Oakland Institute profiled Sembuli Masasa, the father of seven children, who had been farming in Katumba for 39 years who told researchers: "They are giving us $200, ask us to dismantle our own house and to move to a place we have never seen before."

"Initially promised citizenship, the residents still await their papers, conditional on them vacating their homes and lands in order to make way for the foreign investor," says Anuradha Mittal, executive director of the Oakland Institute. "The residents have been banned from cultivating crops including perennial crops such as cassava or building new homes and businesses, leaving them with no other option but to consider moving."

The new report alleges human rights abuses of the refugees "which range from the burning down of houses and crops and violation of their freedom of speech to inequities in social services."

Akona disputes charges that the company is responsible for the fate of the Burundians. "AgriSol has absolutely nothing to do with the refugees in Katumba and Mishamo," he told the Daily Iowan.

The Oakland Institute report has created a storm in Iowa, notably for Bruce Rastetter, CEO of AgriSol Energy who worked with Iowa State University's College of Agriculture and Life Sciences in Ames, Iowa, to get support for the deal.

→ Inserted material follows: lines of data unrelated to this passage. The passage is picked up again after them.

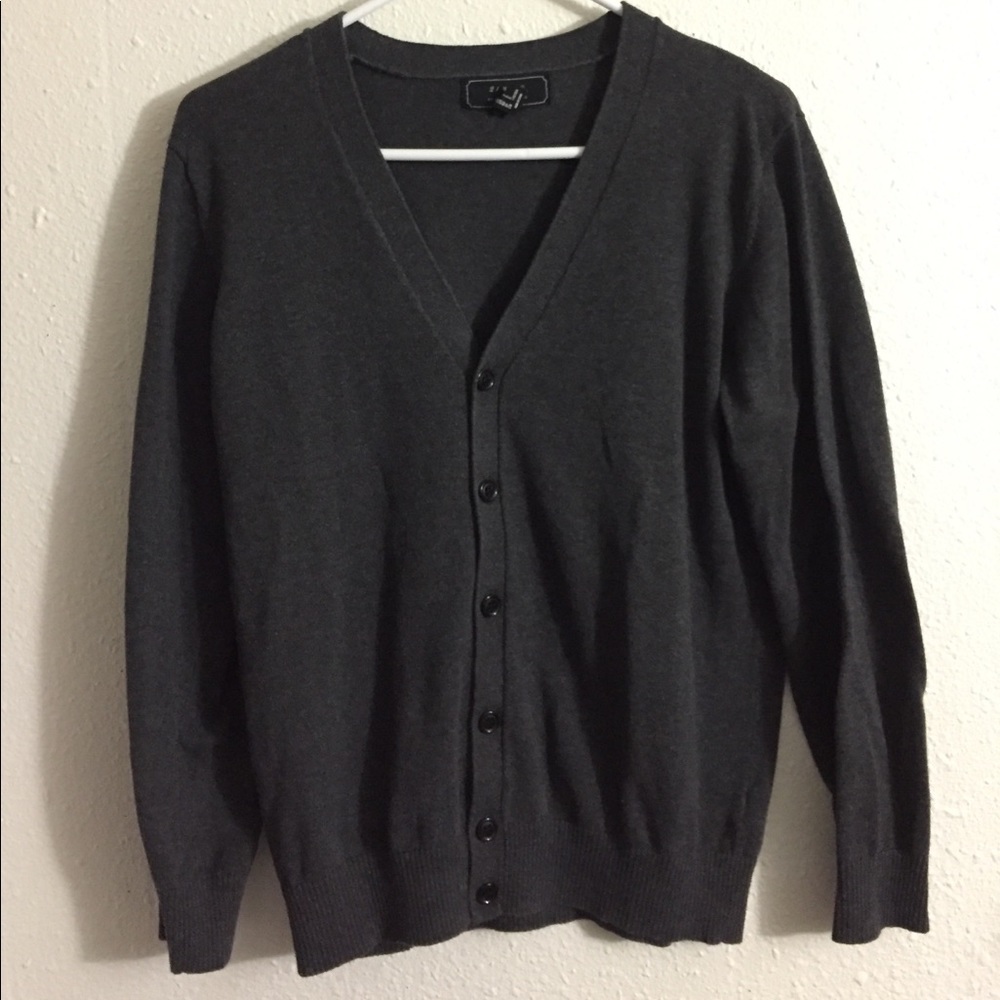 21 Men S Charcoal Cardigan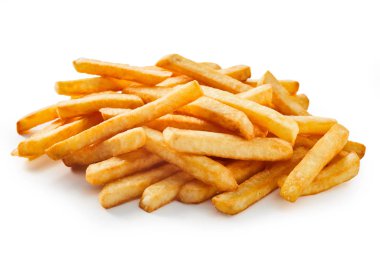 Long cut french fries, deep fried chips for construction material and fast food concepts. clipart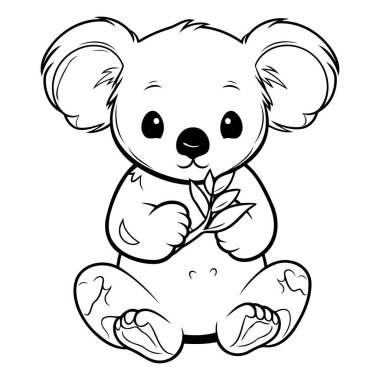 Çocuklar için boyama kitabı: elinde çiçek olan koala.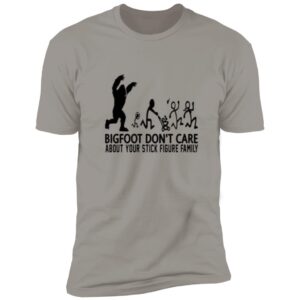 Bigfoot Chasing Stick People T-shirt - Image 3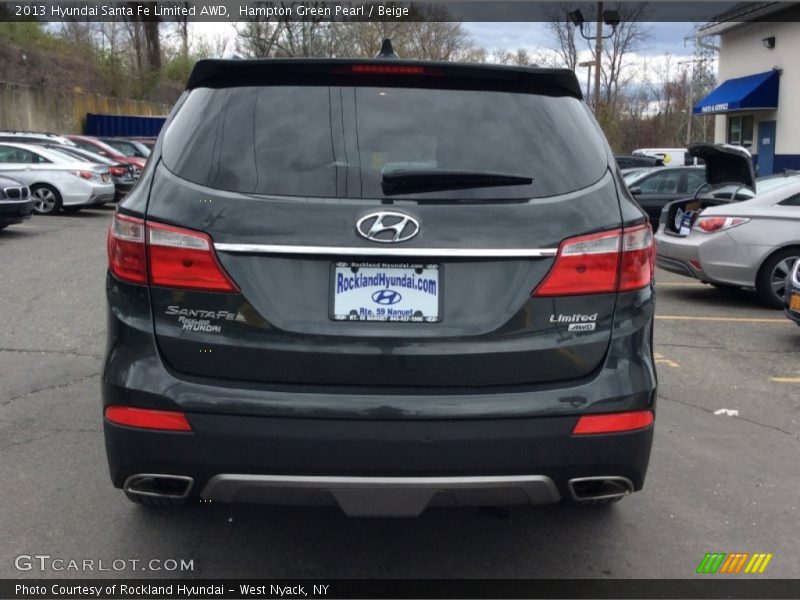 Hampton Green Pearl / Beige 2013 Hyundai Santa Fe Limited AWD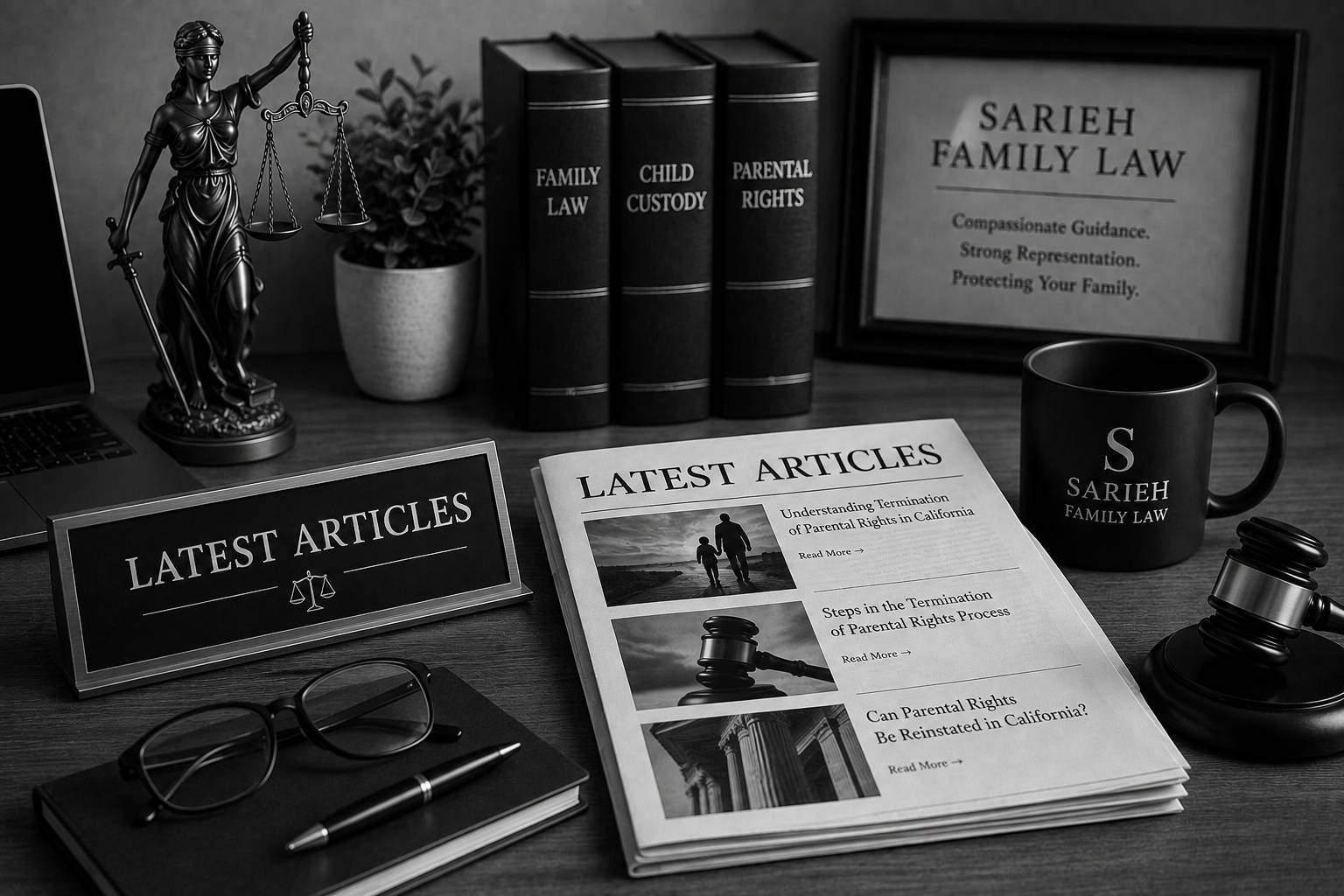 Black and white legal office scene with law books, Lady Justice, gavel, scales, and printed articles representing the latest California parental rights updates.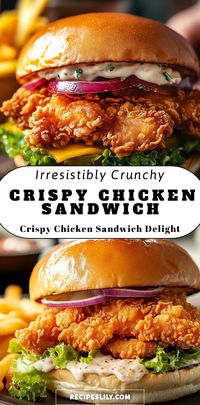 Indulge in the ultimate crispy chicken sandwich! Juicy, flavorful chicken with a golden, crunchy coating, nestled in a soft, toasted bun. Perfectly balanced with fresh lettuce, tangy pickles, and a zesty sauce. Your taste buds are in for a treat!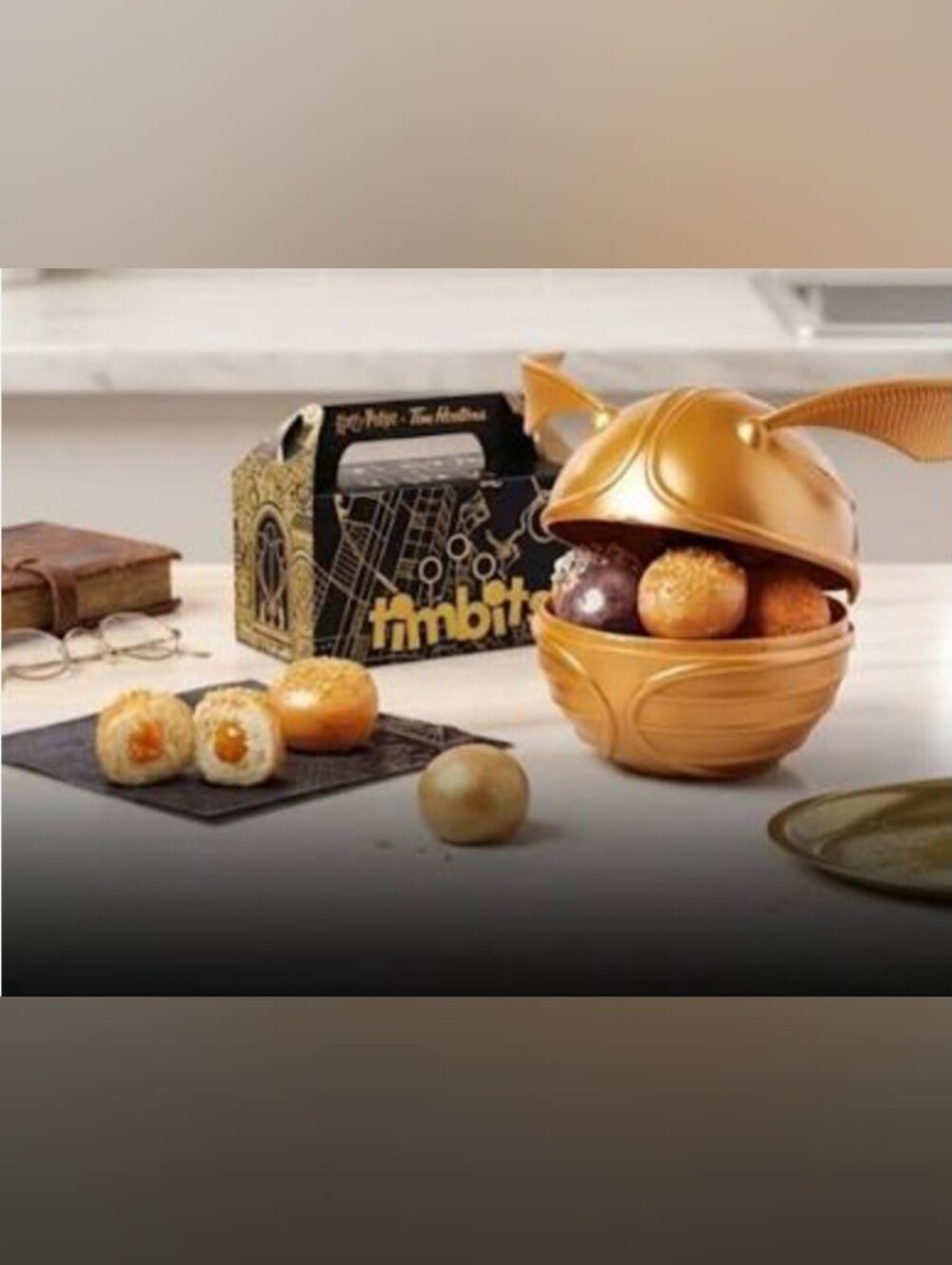Tim Hortons x Harry Potter Golden Snitch Timbit Bucket Wizard Collectible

Faced with growing questions, the university pulled out in February 2012

Iowa Citizens for Community Improvement, a community group in Des Moines, Iowa, has filed an official conflict of interest complaint against Rastetter with the Iowa Ethics and Campaign Disclosure Board, and are lobbying for Bruce Rastetter to be removed as Iowa Board of Regents President Pro Tem.

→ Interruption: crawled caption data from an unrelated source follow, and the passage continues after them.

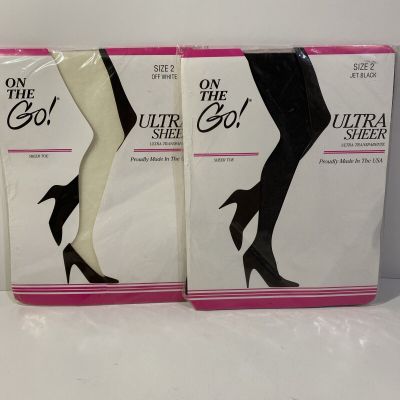 ON THE GO! Pantyhose Size 2 Jet Black , Off White Sheer Toe Ultra Sheer Lot Of 2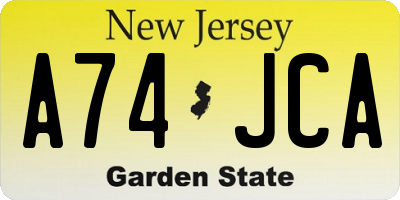 NJ license plate A74JCA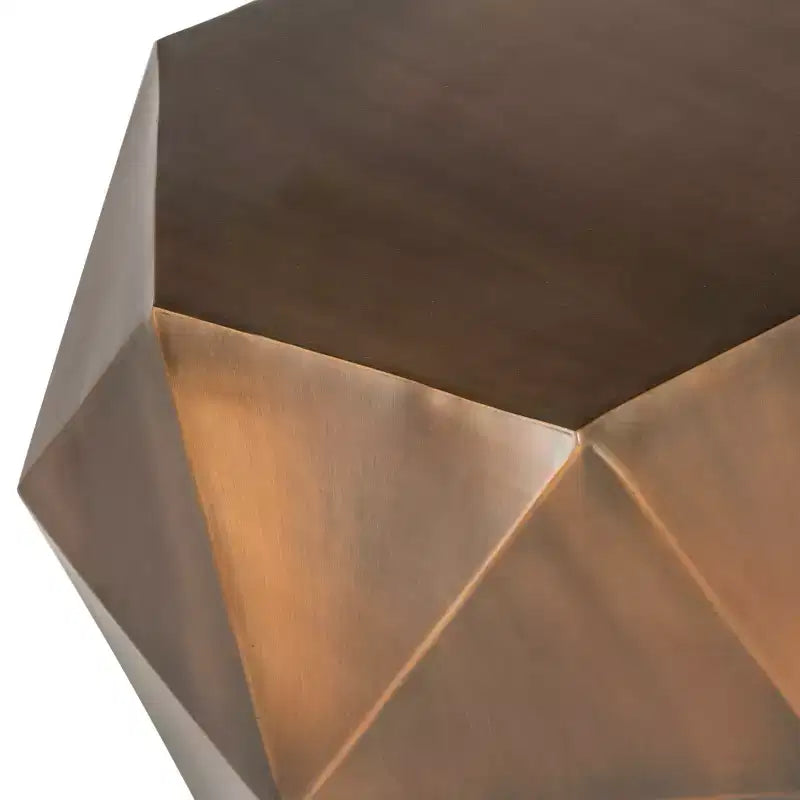 Copper Faceted Iron Side Table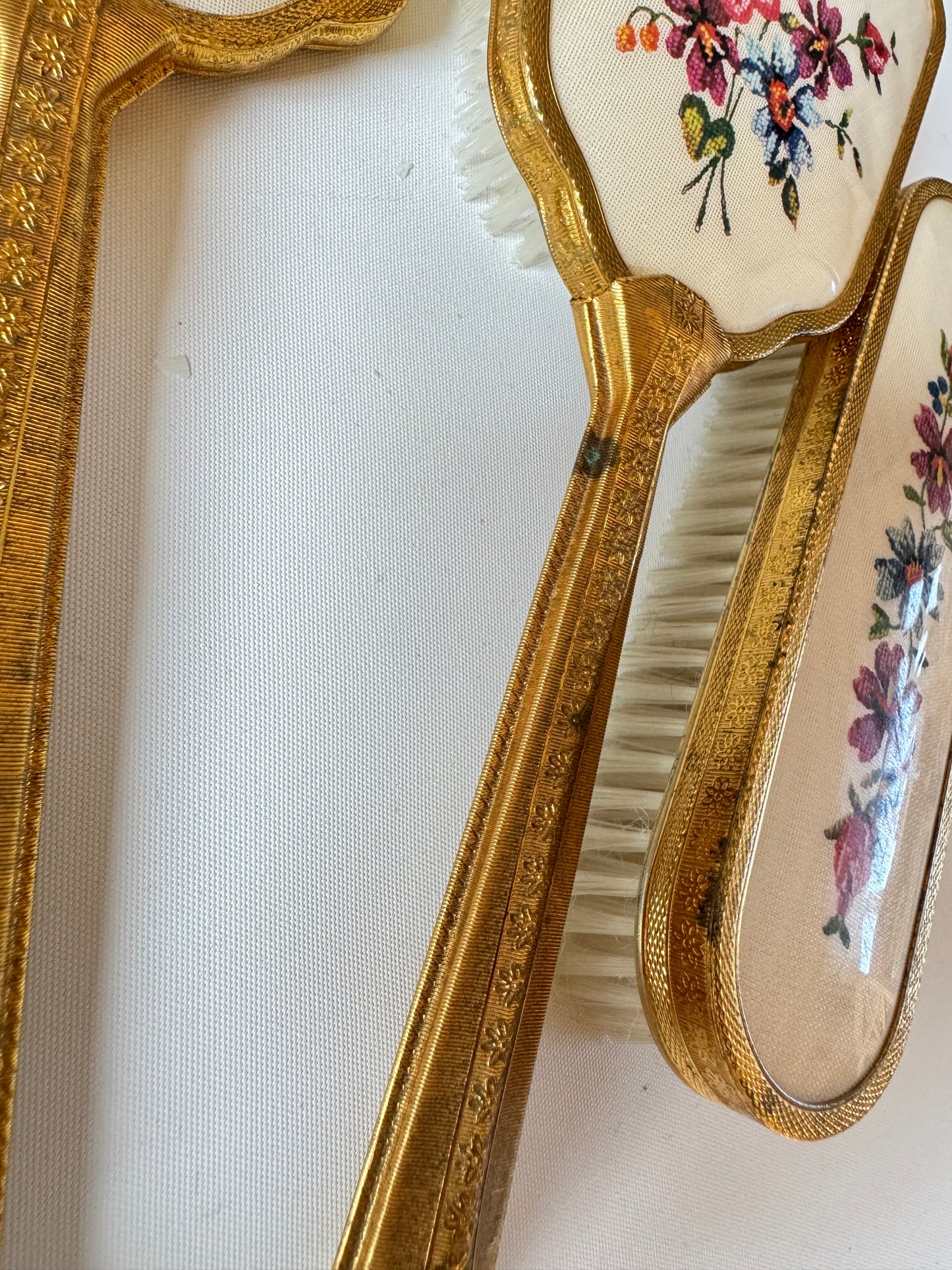 Victorian Style Travel Vanity Set | Hand Mirror, Hair Brush & Clothes Brush | Vintage Antique | Gold with Floral Embroidery | Prop Set Dressing |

The Tanzania project is part of a new phenomenon that activists are calling "land grabbing." GRAIN, a global agricultural think tank based in Barcelona, estimates that at least 50 million hectares of good agricultural land - enough to feed 5 million families in India - have been transferred from farmers to corporations in the last few years alone.

Economists say that governments have to be very careful about inviting corporations to manage vast swathes of land in poor countries. "If it's done properly, and if African governments take care of their countries and their populations, this can be a big benefit," says Jeffrey Sachs of Columbia University told Dan Rather reports. "If they in effect give away these valuable resources, then what happens is these scarce resources benefit some other part of the world. And Africa is left even worse off than it was before."